Bandung -
Wacana pemberian sanksi Rp 100 ribu-Rp 150 ribu bagi warga yang tak memakai masker di area publik di Jawa Barat menuai pertanyaan. Pasalnya, masih belum ada payung hukum yang jelas untuk menaungi aturan yang rencananya akan diterapkan pada 27 Juli mendatang.
Gubernur Jawa Barat Ridwan Kamil tengah mempersiapkan Peraturan Gubernur (Pergub) untuk menaungi aturan pendisiplinan masyarakat tersebut. Ia menganalogikan soal helm dan dan denda kepada warga tak bermasker.
"Tidak ada yang namanya hukuman itu yang disukai, dulu waktu helm juga sama. Tidak nyaman, lama-lama helm jadi suatu budaya," ujar Emil, sapaan Ridwan, di Gedung Pakuan, Kota Bandung, Kamis (16/7/2020).
SCROLL TO CONTINUE WITH CONTENT
"Dasar hukumnya kan ada Pergub, yang namanya 'per' itu dasar hukum, Perwal, Pergub, Perpes. Jadi dasar hukum kita ada Pergub," kata Emil melanjutkan.
Sementara itu, sambung Emil, Presiden Joko Widodo pun akan menerbitkan Instruksi Presiden (Inpres) sebagai payung hukum pemberian sanksi bagi pelanggar kedisiplinan. Sehingga Pergub yang dibuat nanti diperkuat dengan landasan Inpres.
"Tambah lagi kekuatan dasar hukumnya. Jadi kalau ditanya soal dasar hukum, Pergub diperkuat Inpres. Nah, sanksi sosial (selain denda) itu ada di situ. Jadi pilihannya membayar atau sanksi sosial. Bukan hanya denda, jadi dua-duanya dipersiapkan," tutur Kang Emil.

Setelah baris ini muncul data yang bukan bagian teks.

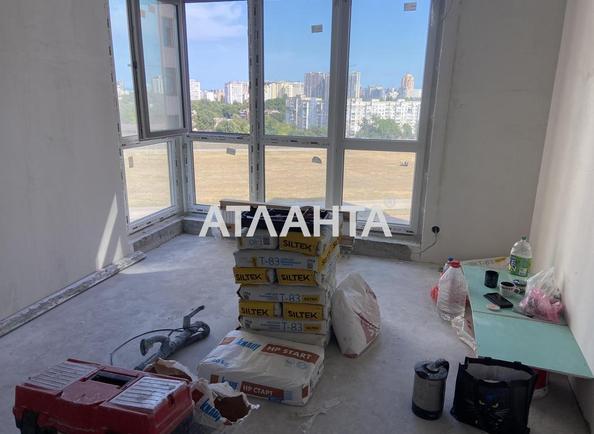2-комнатная квартира по адресу ул. Краснова (площадь 60 м²) - Atlanta.ua - фото 13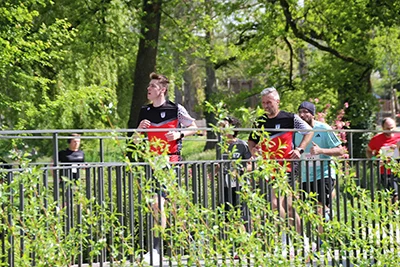 Öhringer Stadtlauf Hauptlauf 2025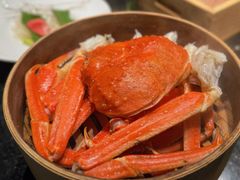 -上井料理黑金店(IFS国金中心店)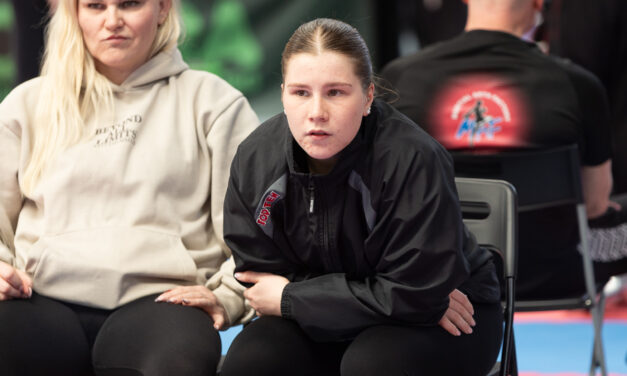 Hamburger Meisterschaft 2026 sprengt alle Erwartungen!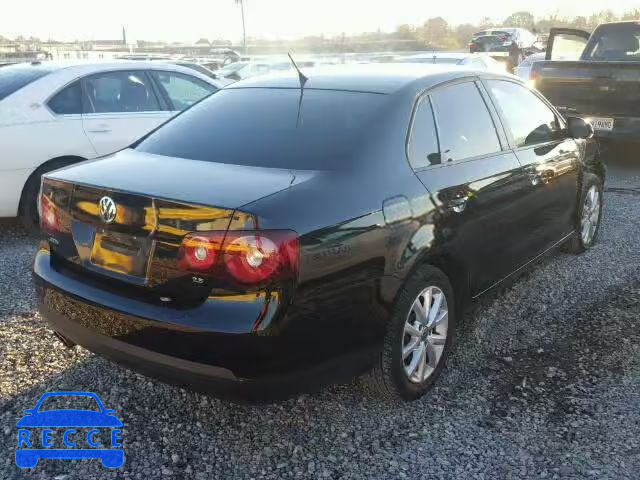 2010 VOLKSWAGEN JETTA LIMI 3VWAX7AJ9AM122769 image 3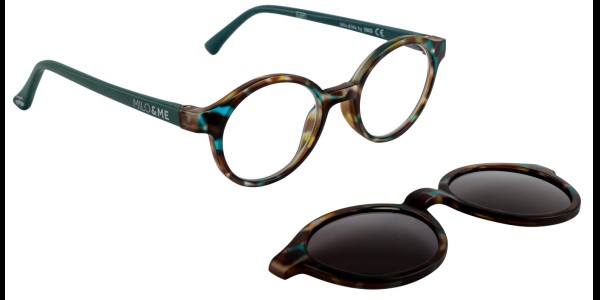 Charly Forest/Dark Green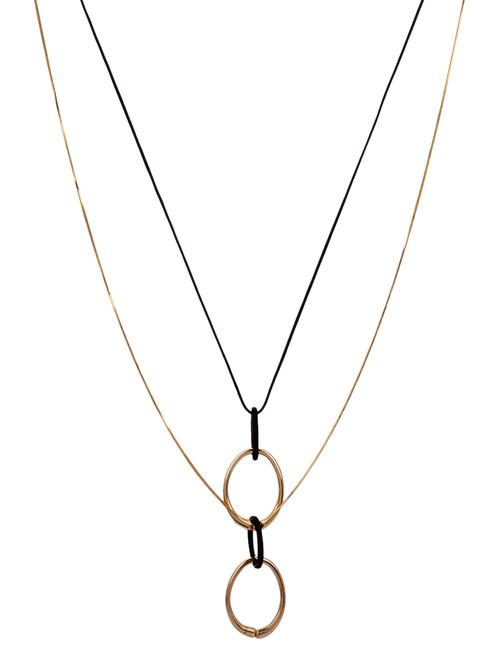 multi colored long necklace - 12178664 - Very Small Image - 1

Pergub Belum Cukup Jadi Landasan Pemberian Denda
Guru Besar dan Pengamat Kebijakan Publik dari UPI Cecep Darmawan mengatakan Pergub masih belum memberikan landasan hukum yang cukup untuk memberikan sanksi pada masyarakat.
Ia mengacu kepada UU 12 Tahun 2011 tentang Pembentukan Peraturan Perundang-undangan, yang dimana pada pasal 15 ayat 1 tercantum materi muatan mengenai ketentuan pidana hanya dapat dimuat dalam UU, Peraturan Daerah (Perda) Provinsi dan Peraturan Daerah (Perda) kabupaten/kota.

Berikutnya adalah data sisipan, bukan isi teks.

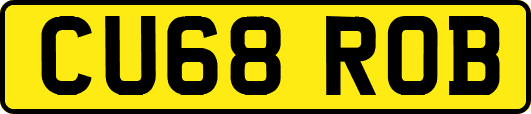 CU68ROB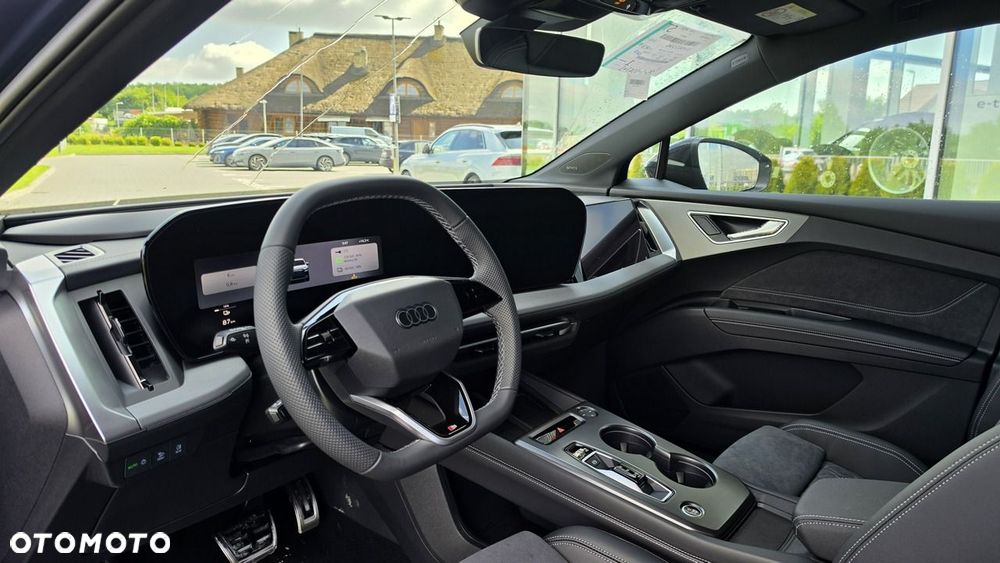 Audi Q4 Sportback e-tron - 7
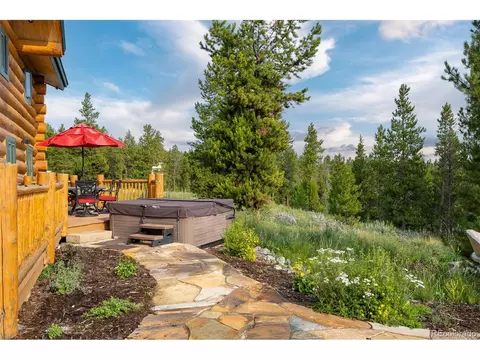 18 Ridge Ct, Tabernash, CO 80478 photo 28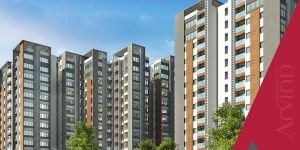 Sporcia Residential Complex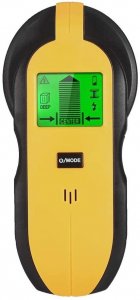 Detektor Elektronski skener TH250 LCD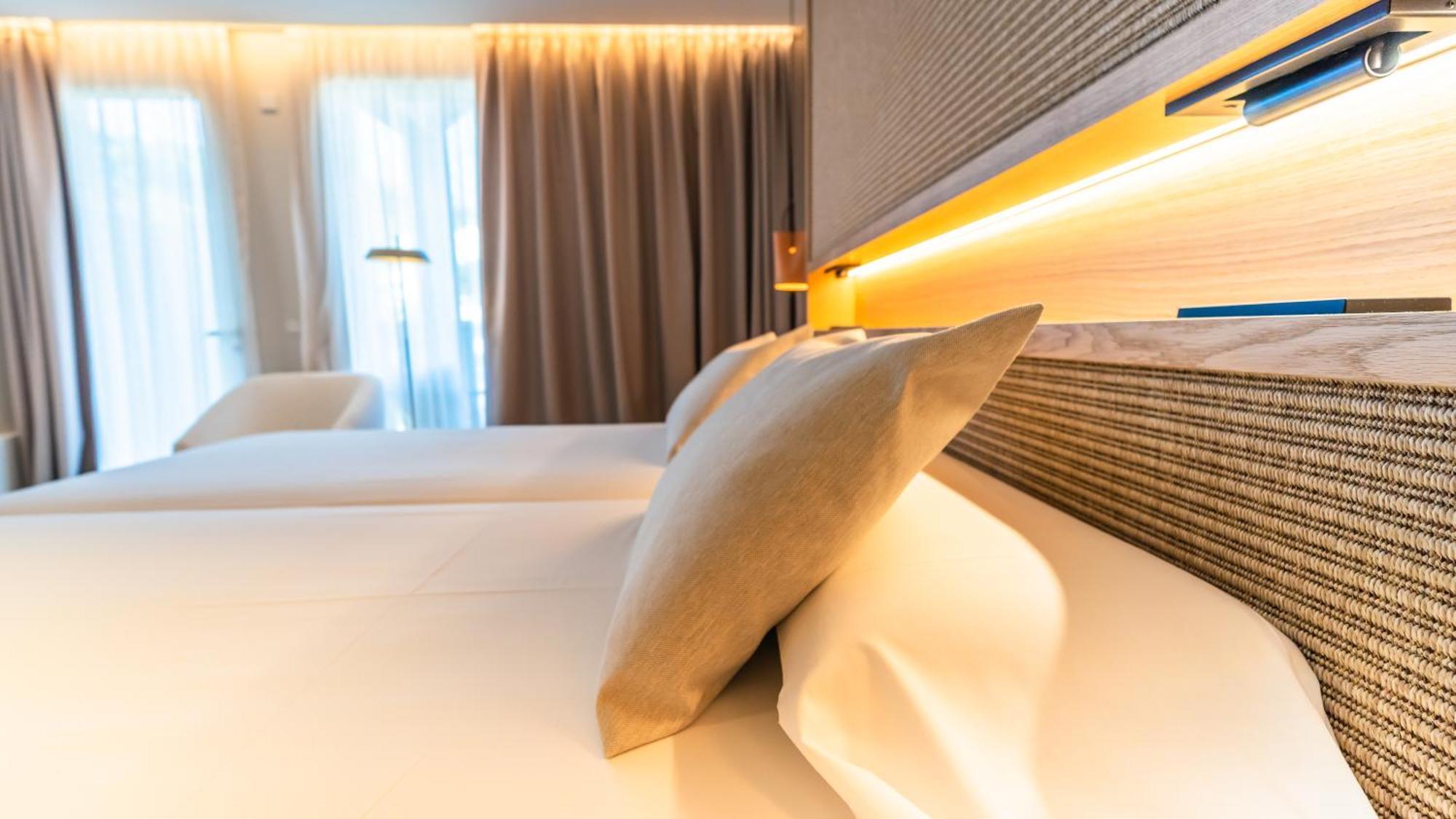 Canyamel Park Hotel & Spa - 4* Sup - Adults Only Luaran gambar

Dalam UU tersebut juga dijelaskan pada ayat kedua yang menyebut kurungan pidana kurungan paling lama enam bulan atau pidana denda paling banyak Rp 50 juta. Namun, hukuman pidana itu bersifat fleksibel dalam penjelasan lanjutan di ayat ketiga.
"Merujuk ke UU 12 Tahun 2011 itu yang boleh denda itu UU, Perda provinsi maupun kabupaten/kota. Sekarang kalau sebetulnya soal pakai masker itu, ada kewenangannya di mana dulu? Dia melanggar perda kabupaten, Perda provinsi, Perda kota? makanya pendekatannya jangan ke denda dulu, sebaiknya lewat edukasi ke masyarakat dulu," tutur Cecep saat dihubungi detikcom.

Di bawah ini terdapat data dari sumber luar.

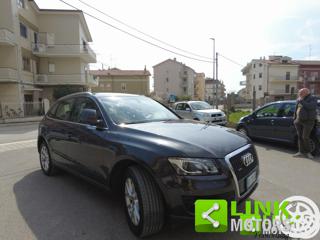 AUDI Q5 usata 2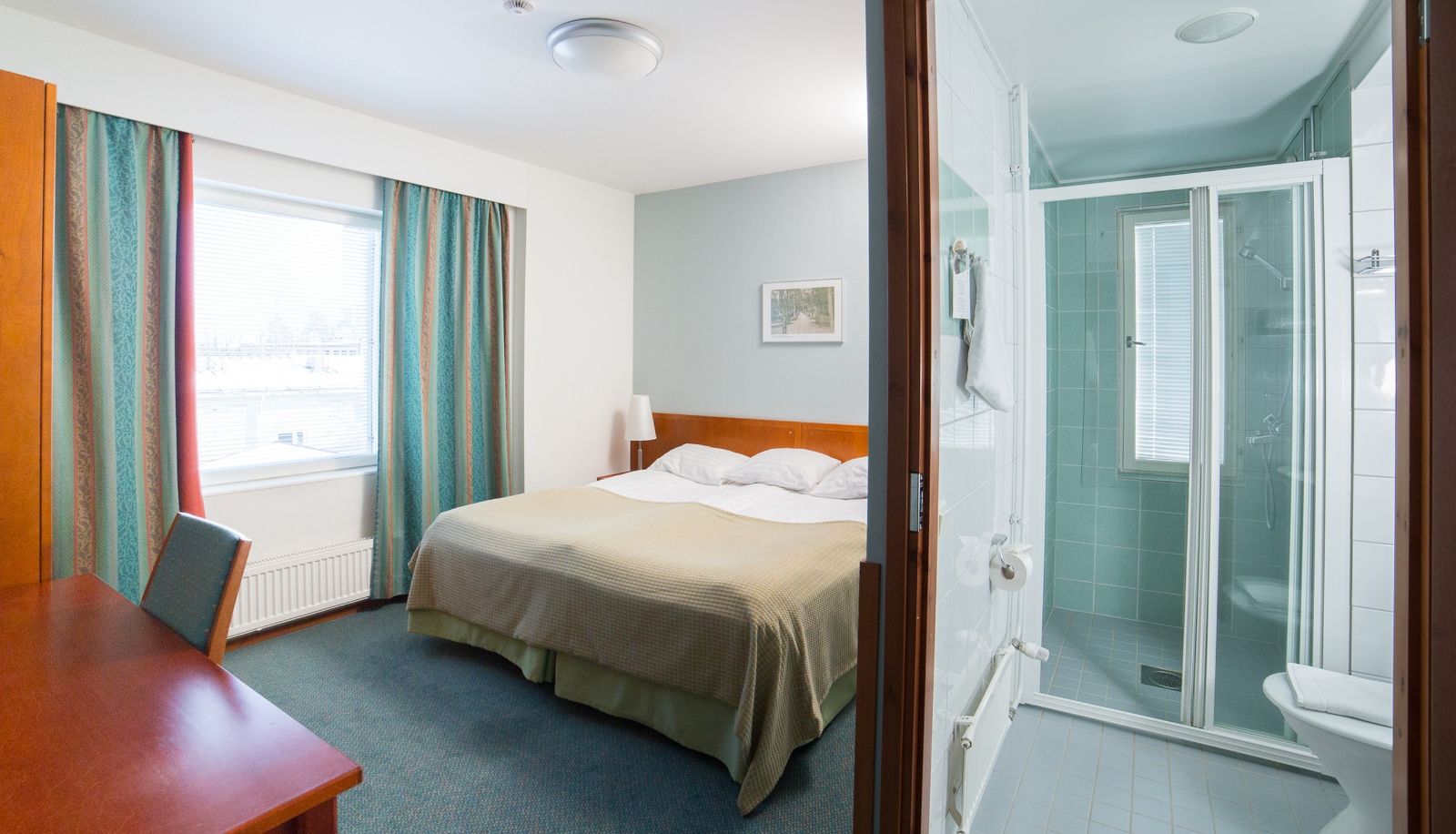 Familienzimmer - Spa Hotel Hamina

Terkait Inpres yang memperkuat Pergub yang dibuat Ridwan Kamil, sambung Cecep, juga belum memiliki kekuatan hukum yang mengikat untuk pemberian denda. "Di muatan materi itu hanya UU dan dua perda. Jadi baik Inpres, Permen, Perwalkot enggak punya kewenangan (untuk memberikan denda), kecuali bentuknya perda," ucap Cecep.
Menurut hematnya, andaikata perda yang dibentuk, Pemprov Jabar cukup memberikan anjuran kepada kabupaten/kota untuk membentuk perda di wilayahnya masing-masing. Efektivitas penindakan agar lebih baik, serta terhindar dari tumpang tindih aturan.
"Dalam perdanya juga dicantumkan soal masker, dan ada anjuran soal mencuci tangan itu juga dibahas apa yang disebutnya AKB, itu lewat perda," katanya.
Selain itu, Cecep juga menilai sedianya waktu sosialisasi terkait sanksi ini diperpanjang sampai batas waktu yang memadai. "Sosialisasi dua minggu enggak cukup, pemerintah juga harusnya memberikan bantuan juga kepada masyarakat marjinal soal masker, selain memberikan edukasi dan aspirasi kepada masyarakat. Kalau sudah dilakukan, sanksi itu opsi terakhir," tutur Cecep.